I wonder what happened to the Evans- Santasiere chess columns tiff?

Razdomillie

When 'romantic' moves become the best options in a game I'll become the most romantic player out there. If that doesn't happen; nothing anyone can say will make me throw away a pawn for unsound complications.

The best moves win regardless of style, it's as simple as that.

bronsteinitz

I am very romantic in my play. When I find a beautiful move, I play it. Have lost quite a bit of games that way, but won also a lot in much nicer ways than looking for 'the best' move.

I do not feel obliged to try to win all the time. The guys in my club have come to terms with it. They had to... Laughing

Ubik42

Tal once said that, earlier in his career, he played not to win, but to sacrifice. I have sometimes been tempted to play a long series of online games where my only goal was to make some sort of reasonable sacrifice, win or lose.

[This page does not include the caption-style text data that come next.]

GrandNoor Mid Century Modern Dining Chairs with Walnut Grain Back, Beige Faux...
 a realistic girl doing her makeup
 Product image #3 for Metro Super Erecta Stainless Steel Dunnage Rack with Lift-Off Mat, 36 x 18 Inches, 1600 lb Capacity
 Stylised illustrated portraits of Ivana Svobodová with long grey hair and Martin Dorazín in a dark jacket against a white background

I have read some of the Evans/Santasiere stuff, though, and I was definetly on Evan's side. I thought Santasiere sounded a bit ridiculous. And calling out Reschevsky for having never invented an opening, "no, not even a humble variation."...well, so what? Reschevsky wasnt really an opening guys, first of all, and secondly, lots of players don't have openings named after them. Like Bobby Fischer and me. Though, at the present time, my prospects of getting an opening named after me are slightly better than Fischer's...

batgirl
THETUBESTER wrote:

Wasn't Tal considered a Romantic?  He sacrificed all kinds of pieces and pawns...and became World Champion for his efforts. 

 

I would tend to classify him as such.... maybe he was a Modern Romantic, if such a thing exists.  Shirov might fall into a similar category as might Michael Basman or Alexei Federov.